Cautionary Statement Regarding Forward-Looking Statements
Certain statements in this communication regarding the proposed acquisition of Time Warner Cable by Comcast, including any statements regarding the expected timetable for completing the transaction, benefits and synergies of the transaction, future opportunities for the combined company and products, and any other statements regarding Comcast’s and Time Warner Cable’s future expectations, beliefs, plans, objectives, financial conditions, assumptions or future events or performance that are not historical facts are "forward-looking" statements made within the meaning of Section 27A of the Securities Act of 1933, as amended, and Section 21E of the Securities Exchange Act of 1934, as amended. These statements are often, but not always, made through the use of words or phrases such as "may", "believe," "anticipate," "could", "should," "intend," "plan," "will," "expect(s)," "estimate(s)," "project(s)," "forecast(s)", "positioned," "strategy," "outlook" and similar expressions. All such forward-looking statements involve estimates and assumptions that are subject to risks, uncertainties and other factors that could cause actual results to differ materially from the results expressed in the statements. Among the key factors that could cause actual results to differ materially from those projected in the forward-looking statements are the following: the timing to consummate the proposed transaction; the risk that a condition to closing of the proposed transaction may not be satisfied; the risk that a regulatory approval that may be required for the proposed transaction is not obtained or is obtained subject to conditions that are not anticipated; Comcast’s ability to achieve the synergies and value creation contemplated by the proposed transaction; Comcast’s ability to promptly, efficiently and effectively integrate Time Warner Cable’s operations into those of Comcast; and the diversion of management time on transaction-related issues.
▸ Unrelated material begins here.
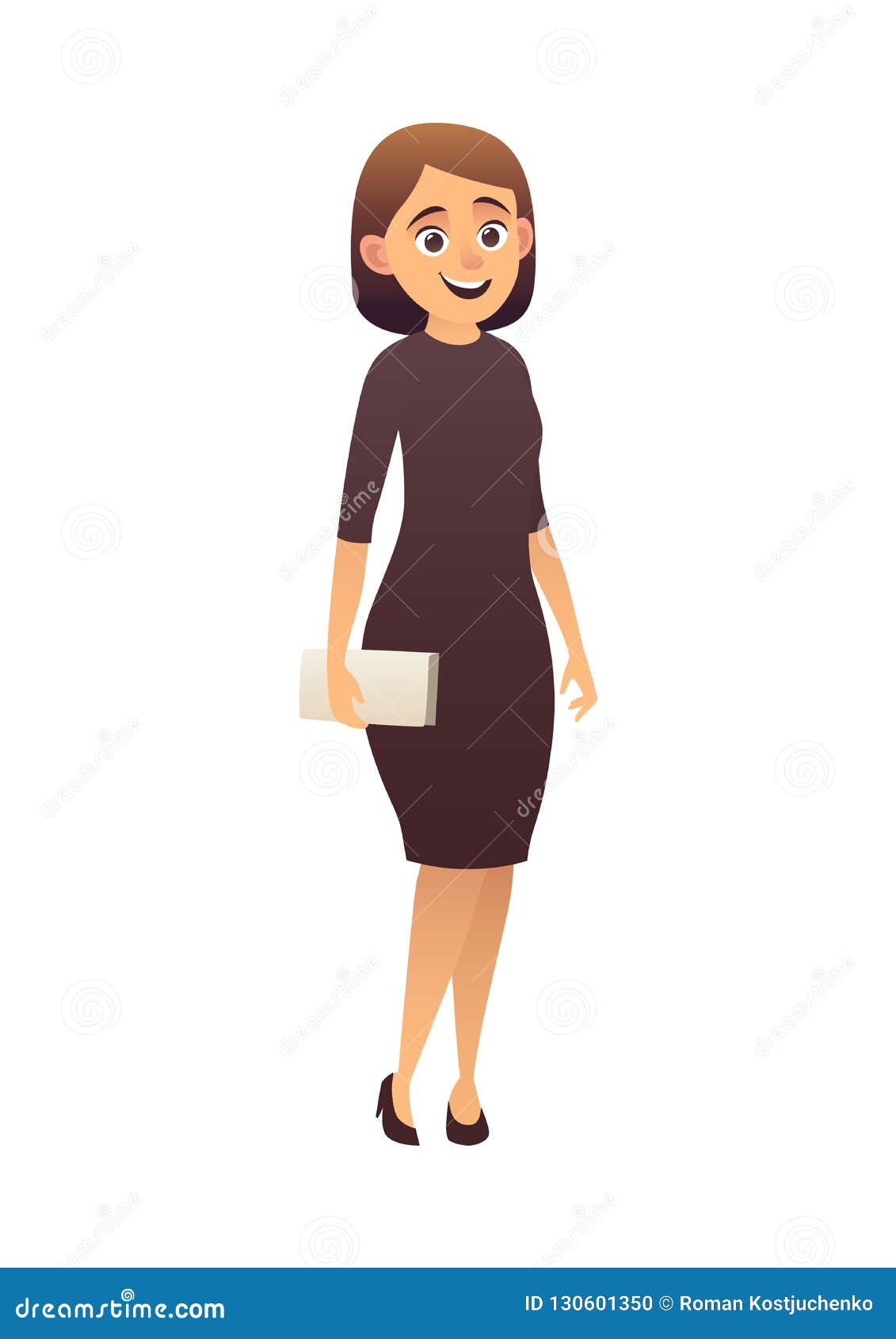 Beautiful Woman Cartoon Girl Character Wearing Black Dress Isolated Stock  Vector - Illustration of dress, flat: 130601350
Additional information concerning these and other factors can be found in Comcast’s and Time Warner Cable’s respective filings with the SEC, including Comcast’s and Time Warner Cable’s most recent Annual Reports on Form 10-K, Quarterly Reports on Form 10-Q and Current Reports on Form 8-K. Comcast and Time Warner Cable assume no obligation to update any forward-looking statements. Readers are cautioned not to place undue reliance on these forward-looking statements that speak only as of the date hereof.